Energy minister Giorgos Stathakis is expected to present the country’s lender representatives a gas-sector proposal entailing the full withdrawal by DEPA, the Public Gas Corporation, from EPA Thessaly-Thessaloniki through the sale of its current 51 percent stake to ENI, the current holder of a 49 percent in this retail venture, as well as a full takeover of EPA Attiki through the acquisition of Shell’s 49 percent in this retail gas firm supplying the wider Athens area, energypress sources have informed.

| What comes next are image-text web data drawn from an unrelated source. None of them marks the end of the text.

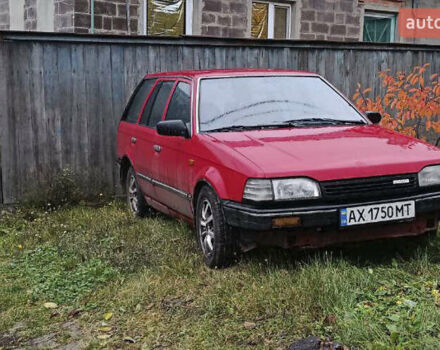 Красный Мазда 323, объемом двигателя 1.49 л и пробегом 350 тыс. км за 900 $, фото 1 на Automoto.ua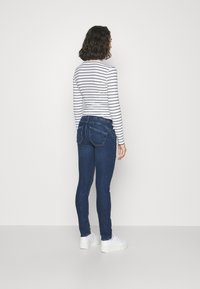 Jeans de mezclilla azul ajustados con dos bolsillos traseros, combinados con una camiseta de manga larga a rayas ajustada y zapatillas de plataforma blancas.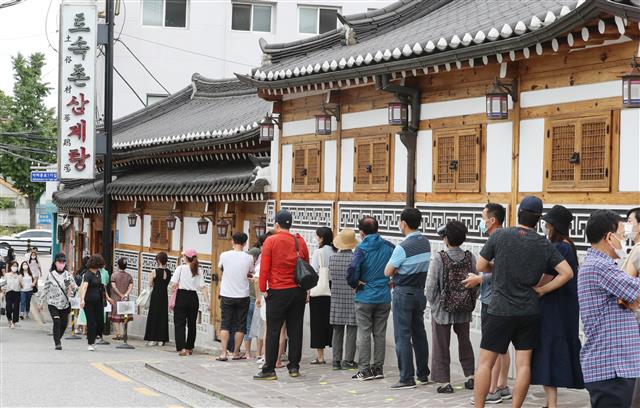 중복인 26일 서울 종로구의 한 삼계탕 전문점을 찾은 시민들이 줄지어 입장을 기다리고 있다. 2020.7.26 뉴스1
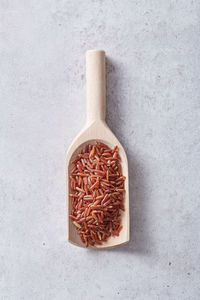 Directly above shot of bread in container against white background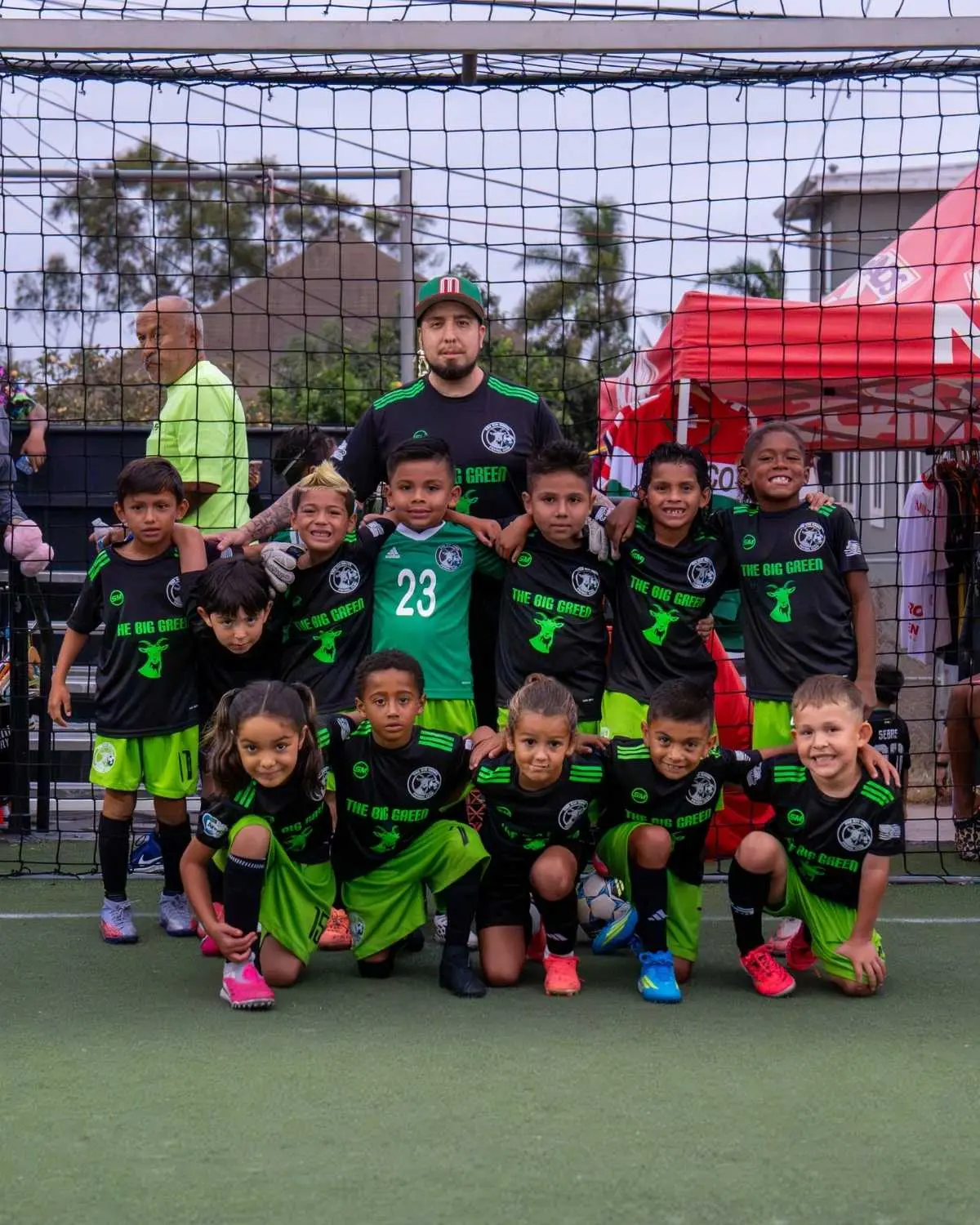 Youth team and coach pose in front of the goal at EVO St in San Diego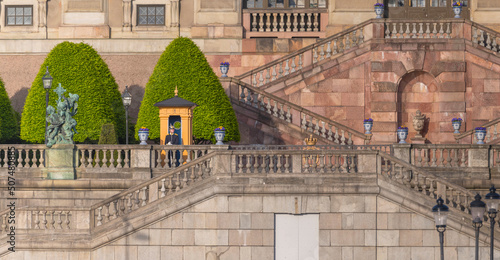 Photography The parterre Logården at the royal castle with stairs and guard a sunny day in S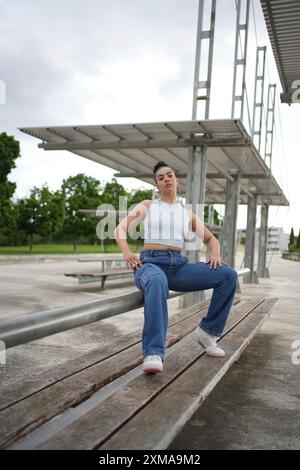 Eine Frau sitzt auf einer Bank im Park. Sie trägt blaue Jeans und ein weißes Tanktop. Die Szene ist friedlich und ruhig, mit Bäumen im Hintergrund Stockfoto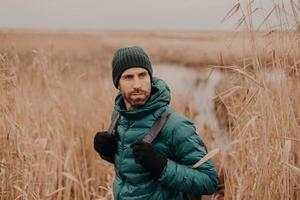 foto de un joven apuesto con rastrojo oscuro, lleva mochila, mira hacia atrás, nota algo, tiene una expresión reflexiva, pasa el tiempo libre al aire libre. otoño. concepto de personas y aventuras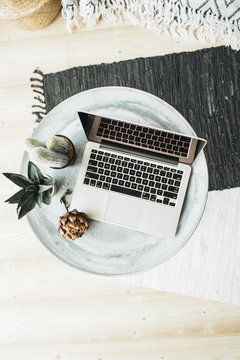 Laptop, protea flower and succulent on tray. Flat lay, top view still life hero header concept.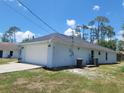 Side exterior of home with a two-car garage and well-maintained lawn at 1422 Jakway Rd, North Port, FL 34288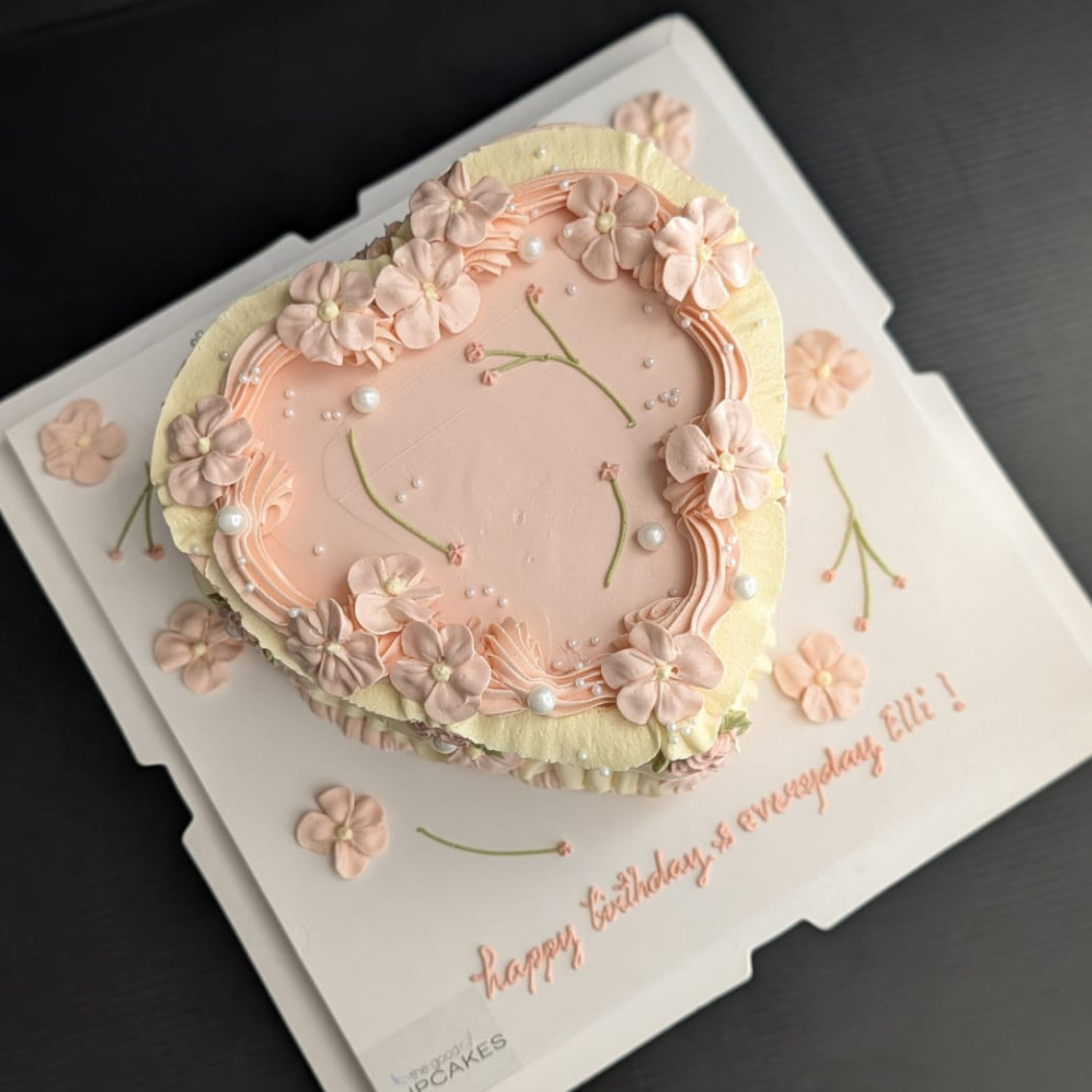 Heart-shaped vintage cake with blush pink buttercream ruffles, piped floral details and pearl accents, romantic low-sugar birthday cake Singapore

Both ENI and Shell both appear to agree to these EPA changes. According to sources, Shell has decided to withdraw from Greece’s natural gas market. The company hired a consultant to steer it through this process, it recently became known.
The energy minister is scheduled to meet with the lender representatives today and on Thursday to finalize energy sector measures needed for the bailout’s third review.
An agreement has already been reached with the European Commission, one of the country’s lender institutions, on main power utility PPC’s bailout-required lignite unit sale package, but the prospective changes in the natural gas sector remain unclear. The lenders are generally pushing for a diminished role by DEPA, currently dominant at both wholesale and retail levels.
DEPA appears willing to fully withdraw from EPA Thessaly-Thessaloniki. Last week’s leadership changes at the gas company are expected to facilitate this withdrawal.
The lenders had rejected a previous Greek offer entailing DEPA’s reduced presence in EPA Thessaly-Thessaloniki with a stake of at least 20 percent, as well as a management takeover at EPA Attiki and, possibly, the acquisition of Shell’s current 49 percent stake in this venture. Shell also failed to react positively to this proposal.
A counterproposal by the lenders called for DEPA’s reduced presence in both EPA ventures as a minor partner devoid of management rights.
It remains to be seen whether Greece’s latest proposal will be embraced by the lenders this week as part of the effort to conclude the bailout’s third review.